ASSIGNED TASK - From the line holding "DTC P1791 and" through the line holding "Hello everyone. In" below, write out every line exactly; include both of those lines and drop the pictures.

PROVIDED INFORMATION -

┌────────

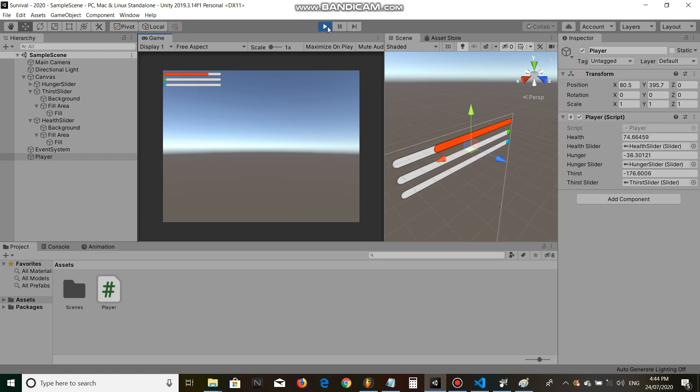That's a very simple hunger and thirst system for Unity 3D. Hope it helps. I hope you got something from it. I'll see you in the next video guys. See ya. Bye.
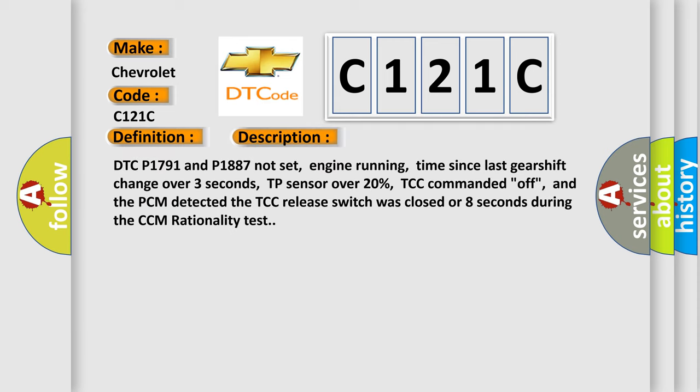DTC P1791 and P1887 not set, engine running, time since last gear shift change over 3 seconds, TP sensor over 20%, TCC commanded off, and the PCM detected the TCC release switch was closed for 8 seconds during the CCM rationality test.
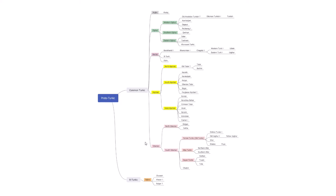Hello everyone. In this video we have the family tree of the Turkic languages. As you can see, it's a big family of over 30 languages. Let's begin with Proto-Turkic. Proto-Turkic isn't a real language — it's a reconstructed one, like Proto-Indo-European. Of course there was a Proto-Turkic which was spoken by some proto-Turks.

└────────
┌────────

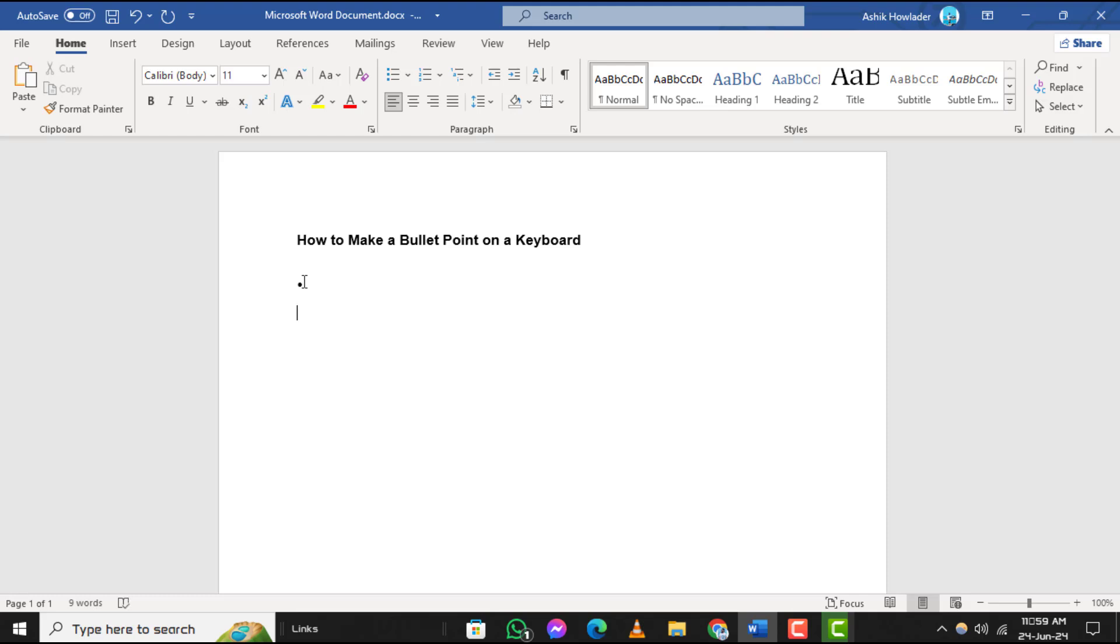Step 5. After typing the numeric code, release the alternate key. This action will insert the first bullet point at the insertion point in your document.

└────────

ANSWER TO THIS PROBLEM -
DTC P1791 and P1887 not set, engine running, time since last gear shift change over 3 seconds, TP sensor over 20%, TCC commanded off, and the PCM detected the TCC release switch was closed for 8 seconds during the CCM rationality test.
Hello everyone. In this video we have the family tree of the Turkic languages. As you can see, it's a big family of over 30 languages. Let's begin with Proto-Turkic. Proto-Turkic isn't a real language — it's a reconstructed one, like Proto-Indo-European. Of course there was a Proto-Turkic which was spoken by some proto-Turks.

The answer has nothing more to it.